The main point is that we can easily afford to be more conservative when bestowing statistical significance to putative effects, without stifling scientific progress. Sure, it would be harder to demonstrate evidence for really small effects, but not impossible if they are important enough to pursue. After all, the effect that betrayed the Higgs particle was very small indeed, but that didn't stop them from finding it. Valuable research could focus on validating trends of interest (i.e., strongly predicted results), rather than chasing down the next new positive effect leaving behind a catalogue of potentially suspect "significant effects" in your wake. Science cannot progress as a house of cards.

Too expensive?

Probably not. Currently, we are almost certainly wasting research money chasing down the dead ends that are opened up by false positives. A reduced, but more reliable corpus of highly reliable results would almost certainly increase the productivity of many scientific fields. At present, the pressure to publish has precipitated a flood of peer-reviewed scientific papers reporting any number of significant effects, many of which will almost certainly not stand the test of time. It would seem a far more sensible use of resources to focus on producing fewer, but more reliable scientific manuscripts. Interim findings and observations could be made readily available via any number of suggested internet-based initiatives. These more numerous 'leads' could provide a valuable source of possible research directions, without yet falling into the venerable category of immutable (i.e., citable) scientific fact. Like conference proceedings, they could adopt a more provisional status until they are robustly validated.

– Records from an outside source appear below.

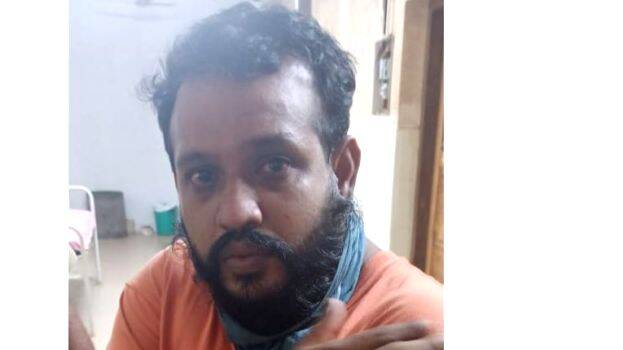 prathi-renjith prathi-renjith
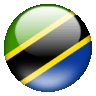 Tanzania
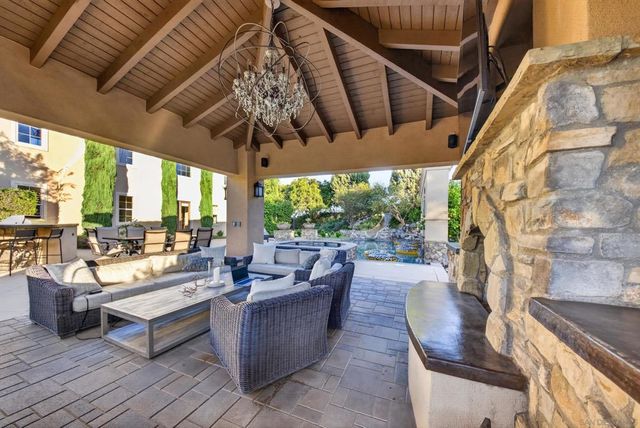 15145 Almond Orchard, San Diego, CA 92131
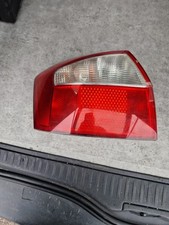 Feu arrière Audi A4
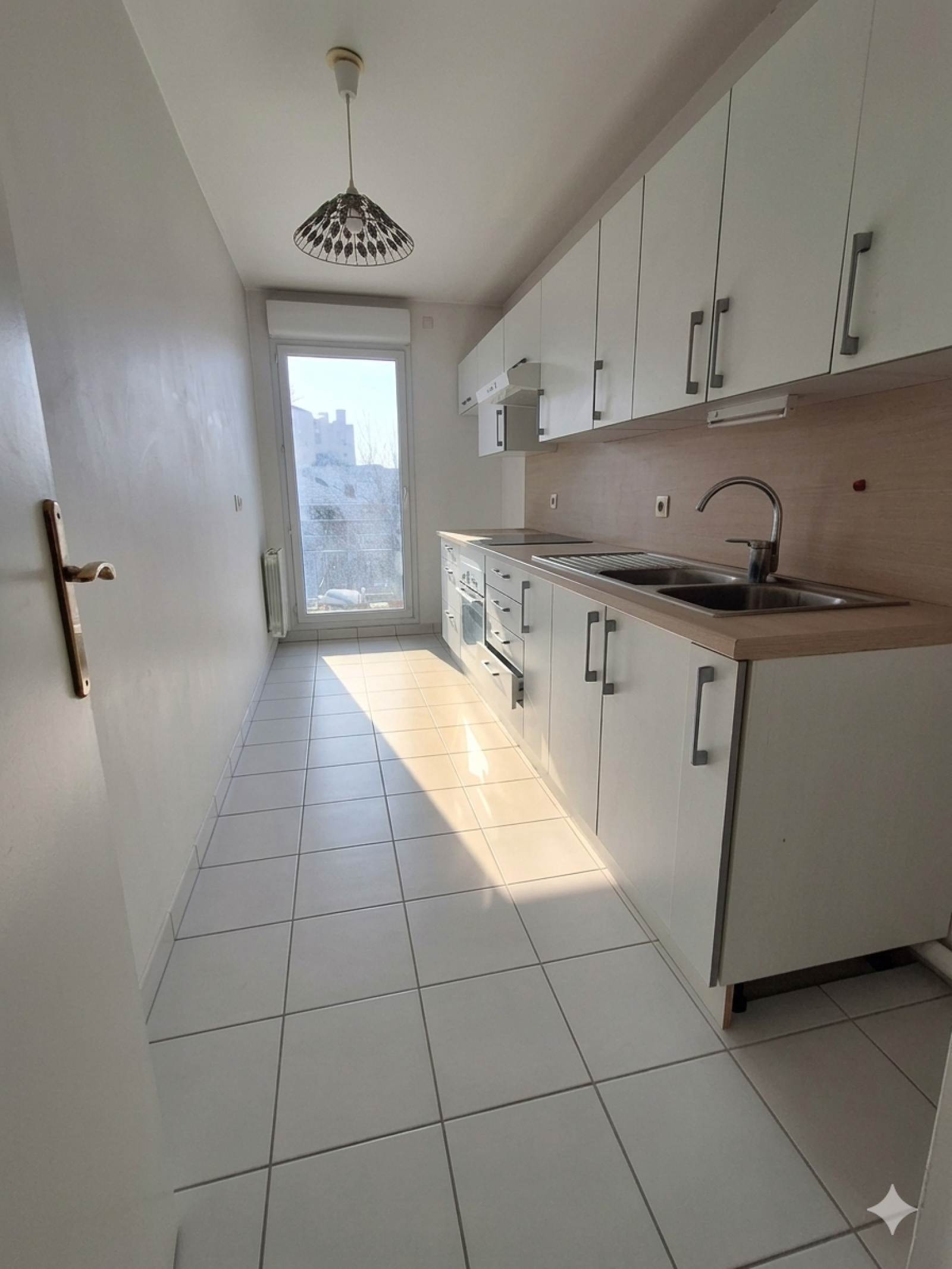 Image_3, Appartement, Drancy, ref :MVAP10000798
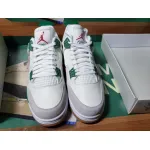OG Nike SB x Air Jordan 4 “Pine Green” DR5415-103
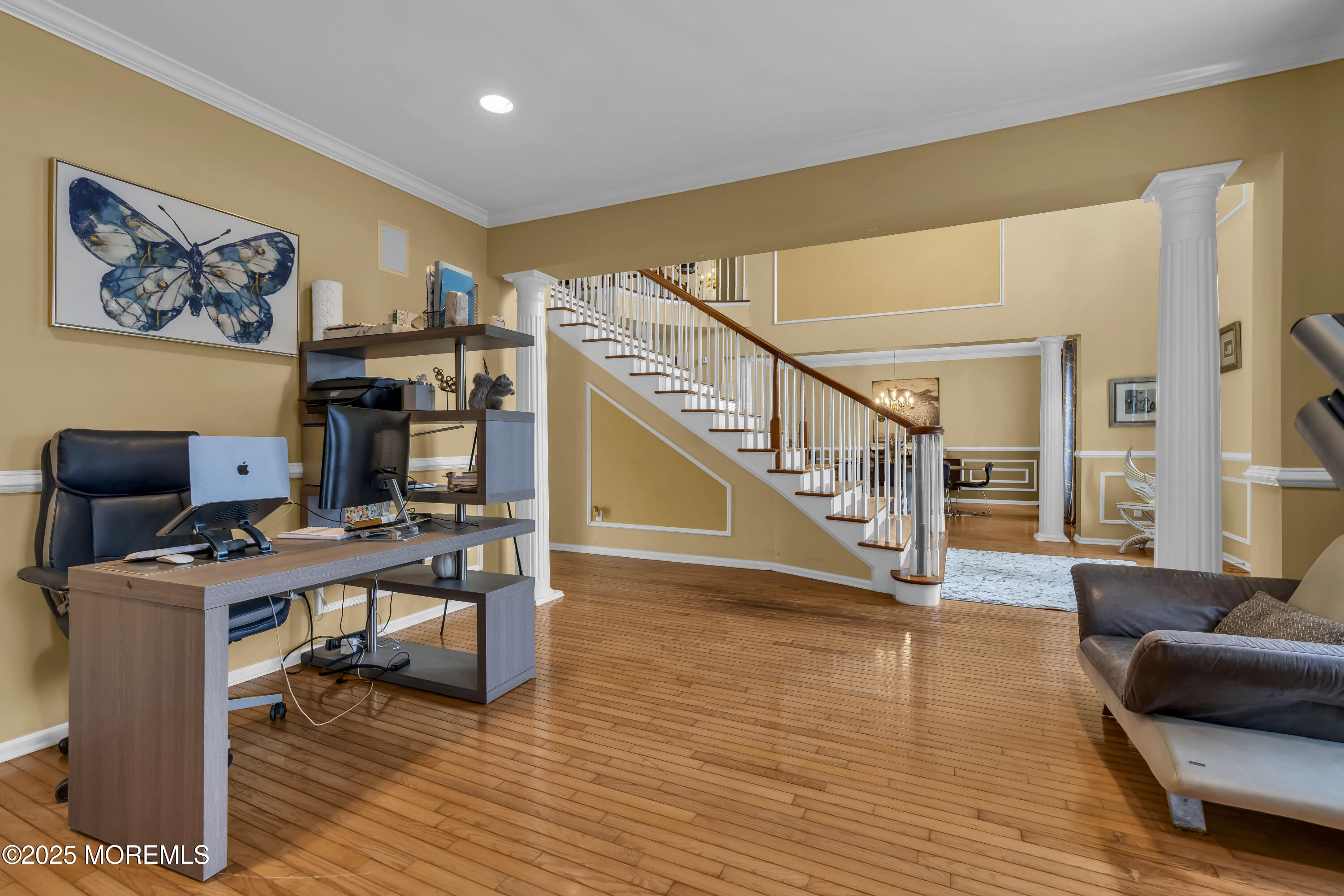 11 Dana Court, Manalapan, NJ, 07726 image 6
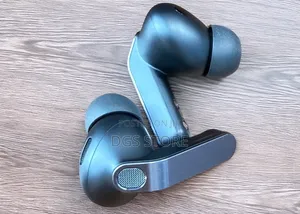 Samsung Galaxy Buds 4 Pro (2026) Bluetooth Earbuds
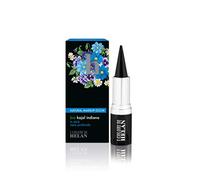 Helan, Deep Black Bio Kajal, Eye Liner En Stick, Couleur Très Noire et Lumineuse sur le Contour des Yeux, au Tracé Décisif et Très Précis, Il Reste Intact Toute La Journée 4g - Fabriqué en Italie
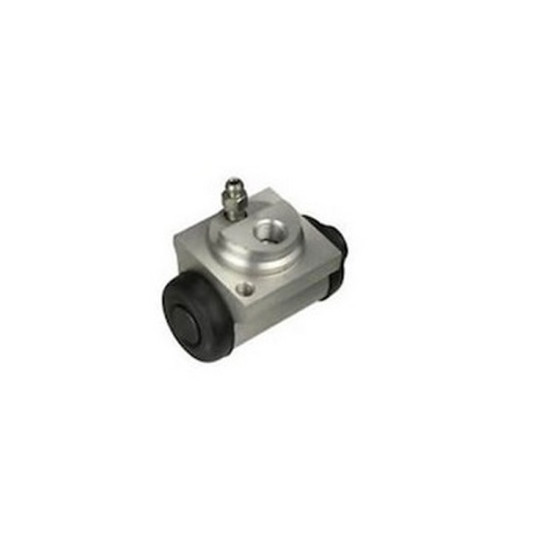 Dacia BOSCH Fren Silindiri Arka 6001549707 CLIO IV CAPTUR yedek parça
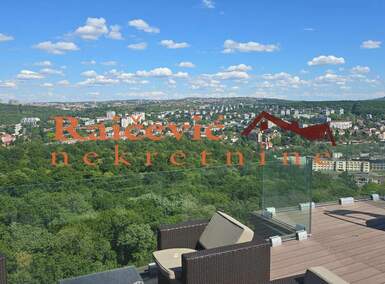 Stan, Beograd, Skojevsko Naselje, prodaja, 268m2, 580000e, id1451388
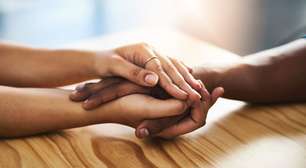 O que realmente define uma pessoa boa? Estudo responde!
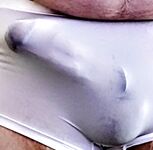 Various of Grandpa's cock : 17 Nude Pics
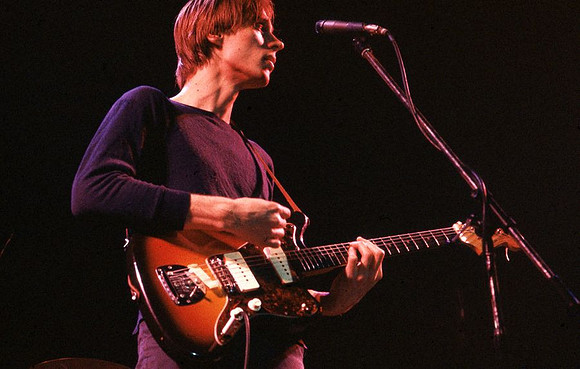 tele004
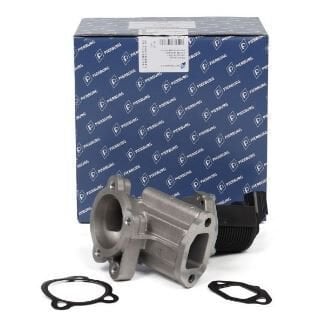 Opel Astra H 1.3 Dizel Egr Valfi Pierburg Marka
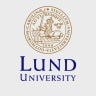 LU Innovation logo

Raise the bar for outright fraud

Complete falsification is hard to detect in the absence of actual whistleblowers. In Simonsohn's words: "outright fraud is somewhat impossible to estimate, because if you're really good at it you wouldn't be detectable" (from Alok Jha). Even publishing the raw data is no guarantee of catching out the fraudster, as there are clever ways to generate plausible-looking data sets that would pass veracity testing.

However, fraudsters presumably start their life of crime in the grey area of routine misdemeanour. A bit of peeking here, some cherry picking there, before they are actually making up data points. Moreover, they know that even if their massaged results fail to replicate, benefit of the doubt should reasonably allow them to claim to be unwitting victims of an innocent false positive. After all, at p<0.05 there is already a 1-in-20 chance of a false positive, even if you do everything by the letter!

Like rogue traders, scientific fraudsters presumably start with a small, spur-of-the-moment act that they reasonably believe they can get away with. If we increase the threshold that needs to be crossed, fewer unscrupulous researchers will be tempted down the dark and ruinous path of scientific fraud. And if they did, it would be much harder for them to claim innocence after their 5 sigma results fail to replicate.

Why impose any statistical threshold at all?

Finally, it is worth noting some arguments that the statistical threshold should be abolished altogether. Maybe we should be more interested in the continua of effect sizes and confidence intervals, rather than discrete hypothesis testing  [e.g., see here]. I have a lot of sympathy for this argument. A more quantitative approach to inferential statistics would more accurately reflect the continuous nature of evidence and certainly, and also more readily suit meta-analyses. However, it is also useful to have a standard against which we can hold up putative facts for the ultimate test: true or false.